Le spectacle de Hijikata1 appelle en nous une multitude d’images:fœtus, femmes, sexe, origine, une goze2 se tenant sur la scène comme dans un tableau, ou encore cette atmosphère sensible du nord du Japon en hiver dont nous entretient Hijikata ; et ces images nous envahissent et viennent se superposer au spectacle réel.
Je voyais pour la première fois Hijikata Tatsumi, sans rien connaitre de sa personnalité ni de sa philosophie de la danse ; pourtant, ce danseur si différent des danseurs que l’on voit habituellement, je l’ai senti proche de moi.
Est-ce une impression purement personnelle ? Sur la scène, je n’ai vu aucun homme : à part quelques êtres évoquant des fœtus ou des spermatozoïdes, on ne voit que des femmes. Elles cachent leur passion jusqu’à l’obstination tout en donnant l’impression de répandre leur féminité jusqu’aux extrémités de leur chair déchirée :tête tordue de travers, exposées en leur nudité, étendues, les jambes ignoblement écartées, elles rejettent toute féminité ordinaire, malgré quoi on ne peut douter qu’elles soient fières de leur propre vie, de leur existence réelle de femmes, et le sexe gémit vers l’espace vide comme s’il n’avait pas besoin de l’homme.
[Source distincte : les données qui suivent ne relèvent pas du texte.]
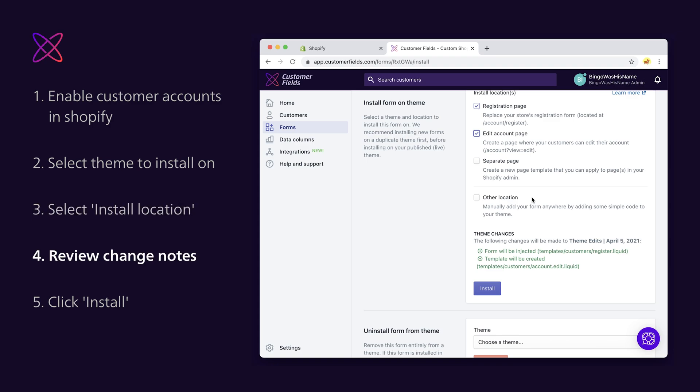Step 4. Review the notes about the changes that will be made to your theme. The theme changes are messages meant to help you keep track of the updates being made to your store's theme. If you want to learn more about the changes the app makes to your code, visit the help article linked in the description.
Est-ce en rapport avec la fameuse « absence du père »3 que, pendant la première danse de la série, le corps de Hijikata, recouvert de coton, semble délaissé, hanté par le vide qu’aurait laissé quelque chose en lui ?
Une fois seulement, lorsqu’il vient répondre aux applaudissements, il apparaît comme un homme et même comme un père. Il y a avec lui un enfant et cinq femmes, et Hijikata, abandonné comme un Pierrot, comme s’il acceptait malgré lui le rôle du père, lève la main sur la scène, laissant flotter sur ses lèvres l’ombre d’un sourire presque amer :sa bonne volonté ressemble à de la résignation. Ici j’ai ressenti que Hijikata est en réalité plein de tendresse, et cette impression, loin de me quitter, s’est même renforcée tout au long du spectacle.
Les spectateurs perçoivent la danse dans sa totalité : éclairages, sonorités, textures, etc. — mais l’essentiel se trouve évidemment dans les gestes des danseurs : leurs attitudes, leur façon de bouger, de se recroqueviller, de lever les mains, les jambes… L’ensemble de ces mouvements, la respiration des danseurs, leur façon d’articuler os et tendons : tous ces éléments constituent la clé du spectacle, que nous pouvons ressentir dans notre propre corps de manière physique, participant ainsi avec notre propre chair au monde intérieur des danseurs.